PROBLEM
Repeat exactly every line that comes at or after the line containing "Wanduhr / Kinderuhr", through the end of the entries below.

##### PROVIDED DATA

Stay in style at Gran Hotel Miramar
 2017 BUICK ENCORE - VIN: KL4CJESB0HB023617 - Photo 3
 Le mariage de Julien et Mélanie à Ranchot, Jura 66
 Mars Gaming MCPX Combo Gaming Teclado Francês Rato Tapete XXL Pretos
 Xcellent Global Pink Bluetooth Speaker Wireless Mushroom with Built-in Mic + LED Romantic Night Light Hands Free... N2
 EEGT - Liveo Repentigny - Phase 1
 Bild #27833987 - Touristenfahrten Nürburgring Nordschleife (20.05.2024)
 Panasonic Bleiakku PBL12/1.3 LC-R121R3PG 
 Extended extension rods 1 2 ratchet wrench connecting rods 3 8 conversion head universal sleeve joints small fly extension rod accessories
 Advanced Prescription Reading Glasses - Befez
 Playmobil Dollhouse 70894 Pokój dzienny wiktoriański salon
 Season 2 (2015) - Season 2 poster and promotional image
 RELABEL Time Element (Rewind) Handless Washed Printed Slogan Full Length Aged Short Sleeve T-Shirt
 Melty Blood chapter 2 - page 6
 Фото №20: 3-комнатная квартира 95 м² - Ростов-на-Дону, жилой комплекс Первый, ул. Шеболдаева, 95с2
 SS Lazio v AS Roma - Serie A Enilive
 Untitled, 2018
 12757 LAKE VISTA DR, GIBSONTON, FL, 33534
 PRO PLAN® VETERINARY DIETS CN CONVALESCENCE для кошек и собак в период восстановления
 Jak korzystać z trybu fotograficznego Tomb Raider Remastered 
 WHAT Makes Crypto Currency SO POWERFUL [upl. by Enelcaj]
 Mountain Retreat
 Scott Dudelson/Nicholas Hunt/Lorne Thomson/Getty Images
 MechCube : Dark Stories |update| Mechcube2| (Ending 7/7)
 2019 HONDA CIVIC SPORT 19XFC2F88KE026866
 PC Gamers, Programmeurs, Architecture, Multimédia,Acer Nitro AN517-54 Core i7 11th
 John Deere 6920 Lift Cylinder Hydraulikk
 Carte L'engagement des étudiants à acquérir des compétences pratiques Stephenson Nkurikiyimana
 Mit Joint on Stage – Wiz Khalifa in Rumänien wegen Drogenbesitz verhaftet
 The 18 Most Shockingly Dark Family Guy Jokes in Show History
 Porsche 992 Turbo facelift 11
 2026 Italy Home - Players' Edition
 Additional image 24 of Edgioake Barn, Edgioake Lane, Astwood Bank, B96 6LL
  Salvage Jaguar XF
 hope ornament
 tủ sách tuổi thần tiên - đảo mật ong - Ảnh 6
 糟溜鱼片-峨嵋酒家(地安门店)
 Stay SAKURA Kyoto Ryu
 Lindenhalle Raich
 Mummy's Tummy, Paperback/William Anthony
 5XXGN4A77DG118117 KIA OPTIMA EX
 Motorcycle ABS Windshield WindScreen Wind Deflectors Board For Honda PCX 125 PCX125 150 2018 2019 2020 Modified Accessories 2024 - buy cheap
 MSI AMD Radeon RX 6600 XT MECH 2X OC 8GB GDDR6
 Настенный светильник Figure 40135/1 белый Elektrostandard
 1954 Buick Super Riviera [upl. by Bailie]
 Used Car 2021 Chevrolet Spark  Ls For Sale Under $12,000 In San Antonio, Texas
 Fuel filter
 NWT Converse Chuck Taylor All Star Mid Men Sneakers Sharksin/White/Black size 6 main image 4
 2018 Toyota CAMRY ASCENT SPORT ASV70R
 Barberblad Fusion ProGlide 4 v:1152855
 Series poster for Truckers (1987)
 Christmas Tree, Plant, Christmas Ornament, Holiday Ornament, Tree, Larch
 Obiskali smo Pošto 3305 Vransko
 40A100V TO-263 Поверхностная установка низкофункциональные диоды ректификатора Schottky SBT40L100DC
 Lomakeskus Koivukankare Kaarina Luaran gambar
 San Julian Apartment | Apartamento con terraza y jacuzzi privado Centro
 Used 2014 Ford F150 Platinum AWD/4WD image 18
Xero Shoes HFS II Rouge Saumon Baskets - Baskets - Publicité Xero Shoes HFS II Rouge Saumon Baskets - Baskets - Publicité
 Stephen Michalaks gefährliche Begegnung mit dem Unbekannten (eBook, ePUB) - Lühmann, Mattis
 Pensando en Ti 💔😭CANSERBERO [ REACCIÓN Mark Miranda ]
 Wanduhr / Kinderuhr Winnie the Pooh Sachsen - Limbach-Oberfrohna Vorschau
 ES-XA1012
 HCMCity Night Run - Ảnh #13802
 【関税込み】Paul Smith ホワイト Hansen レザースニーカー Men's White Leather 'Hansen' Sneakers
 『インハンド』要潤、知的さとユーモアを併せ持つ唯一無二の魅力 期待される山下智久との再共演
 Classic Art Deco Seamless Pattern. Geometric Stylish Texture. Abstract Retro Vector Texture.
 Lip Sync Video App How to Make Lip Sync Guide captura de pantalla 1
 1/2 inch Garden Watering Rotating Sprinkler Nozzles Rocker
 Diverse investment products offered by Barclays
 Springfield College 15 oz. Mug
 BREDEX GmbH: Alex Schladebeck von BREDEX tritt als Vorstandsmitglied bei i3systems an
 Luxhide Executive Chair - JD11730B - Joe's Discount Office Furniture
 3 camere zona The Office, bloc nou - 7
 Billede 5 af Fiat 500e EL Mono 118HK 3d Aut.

##########

WRITTEN ANSWER
 Wanduhr / Kinderuhr Winnie the Pooh Sachsen - Limbach-Oberfrohna Vorschau
 ES-XA1012
 HCMCity Night Run - Ảnh #13802
 【関税込み】Paul Smith ホワイト Hansen レザースニーカー Men's White Leather 'Hansen' Sneakers
 『インハンド』要潤、知的さとユーモアを併せ持つ唯一無二の魅力 期待される山下智久との再共演
 Classic Art Deco Seamless Pattern. Geometric Stylish Texture. Abstract Retro Vector Texture.
 Lip Sync Video App How to Make Lip Sync Guide captura de pantalla 1
 1/2 inch Garden Watering Rotating Sprinkler Nozzles Rocker
 Diverse investment products offered by Barclays
 Springfield College 15 oz. Mug
 BREDEX GmbH: Alex Schladebeck von BREDEX tritt als Vorstandsmitglied bei i3systems an
 Luxhide Executive Chair - JD11730B - Joe's Discount Office Furniture
 3 camere zona The Office, bloc nou - 7
 Billede 5 af Fiat 500e EL Mono 118HK 3d Aut.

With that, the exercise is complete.